Sometimes we develop our most useful skills without conscious intention.

I’ve always been a reader, and I’ve always been that friend who says, “Hey, I found this thing you should read.”

I never thought that would turn into something I felt called to do—much less that it has a name.

Almost three years ago, UU World magazine invited me to edit The Interdependent Web. My editor gave me freedom, support, and the opportunity to practice curation, week after week.

Here’s a window into my process.

  • Curation begins with love. This is demanding work, and passion sustains it. I care deeply about helping Unitarian Universalist voices find larger audiences. If you’re thinking about becoming a curator, choose something you love, because you’ll spend more hours doing it than you can hope to be paid for—if you’re lucky enough to find a curating gig that pays money; many people are giving away this kind of work.
  • Immersion is essential. A curator cannot expect to occasionally dip her toe into the waters of her subject. I spend hours, not just reading UU blogs, but also participating in UU forums on Facebook. As Unitarian Universalist content becomes more diverse, my daunting task is to follow it wherever it goes. Blogging is the area of UU content where I’m most comfortable; I’m hoping that some of you may begin curating other types of content—video, design, music, etc.
  • Gathering sources never ends. When I began reading UU blogs, Philocrites’ Guide to Unitarian Universalist Blogs was a great resource. Soon I learned about UUpdates, and taught myself how to use Google Reader. Once I began editing The Interdependent Web, my Reader was no longer just a few favorite UU blogs; instead I collected an exhaustive list of every single UU blogger I found. When Google retired Reader, I switched over to Feedly, where my “All UU Bloggers” folder has 391 blogs at last count. And I’m always looking for more. Are you a UU blogger? Do you suspect I don’t know about you? Introduce yourself . . .
  • Scanning and saving are the first steps each week. At this moment, there are seventeen new posts in my “All UU Bloggers” folder. I won’t read all of them. I’m looking for headlines that grab my attention. What grabs my attention? Specificity. Responses to other bloggers’ posts. Humor (including snark). Something that grabs my heart. A clear connection to Unitarian Universalism. Good writing (yes, that matters, even in your post titles). A great track record as a blogger. Anything that catches my attention earns a little green Feedly bookmark, which puts posts into a “Saved for Later” folder.
  • Reading and reducing is where the work gets hard. Eventually, I have to read all those “Saved for Later” posts. Beginning each Wednesday, I review what I’ve saved, and compile the best posts. My goal is around fifteen pieces of content, sometimes more, sometimes less. That means a lot of culling. Some weeks I wish I could send out apology notes to some of the bloggers whose excellent posts just don’t make the cut.
  • Arranging and distilling are the last steps. I could just list the best fifteen posts, images, videos, etc. But good curation is more than that. I look for intentional and coincidental conversations between posts, images and videos. I look for natural categories. Sometimes things get shoehorned together, and other times there are beautiful juxtapositions.  The format of The Interdependent Web—at least for blog posts—is “introduction, pull quote.” I usually arrange, then find the quotes, then write the intros, but not always in that order. It’s a great format, but it’s very blog-centric, as is most of my process. That’s the growing edge for me—tweaking this process so I remember to look for and include images, videos, tweets, Facebook conversations, Pinterest posts, etc.

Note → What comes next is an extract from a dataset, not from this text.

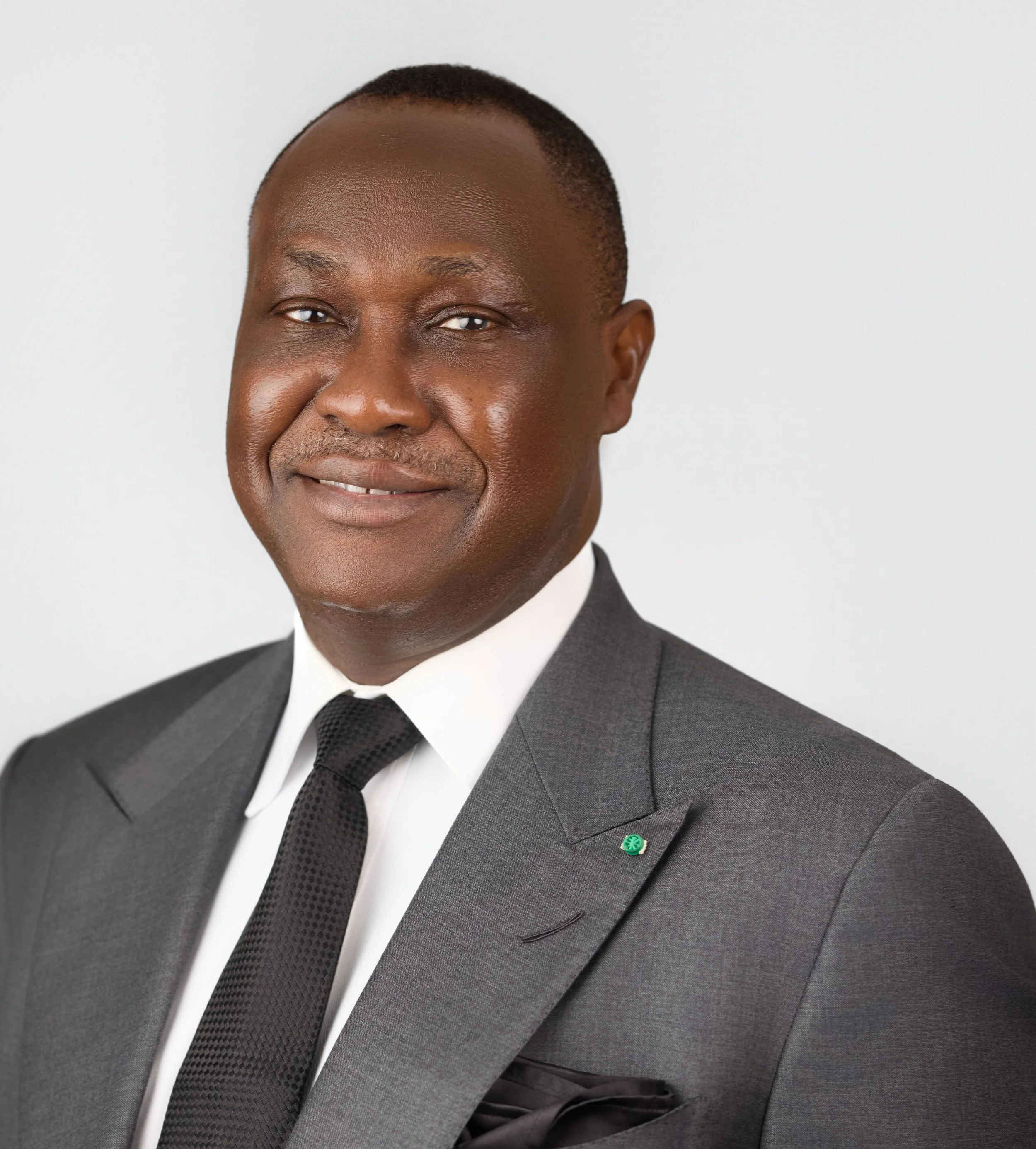 Samaila Zubairu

Since August of last year, when I returned to The Interdependent Web from maternity leave, I have done this work while also adjusting to life as a new parent. Liesl comes home early on Thursday night to watch Willa while I put the finishing touches on the column, but for the most part, curating fits well into the daily schedule of a stay-at-home mom.

Did I answer your questions—or create more?

I’d love to hear from you about how you’re coping with the deluge of content that social media generates. Do you opt out? Are you grateful for your friends who help you choose what to read? Or are you, like me, the friend who says, “Hey, I found this article you should read”?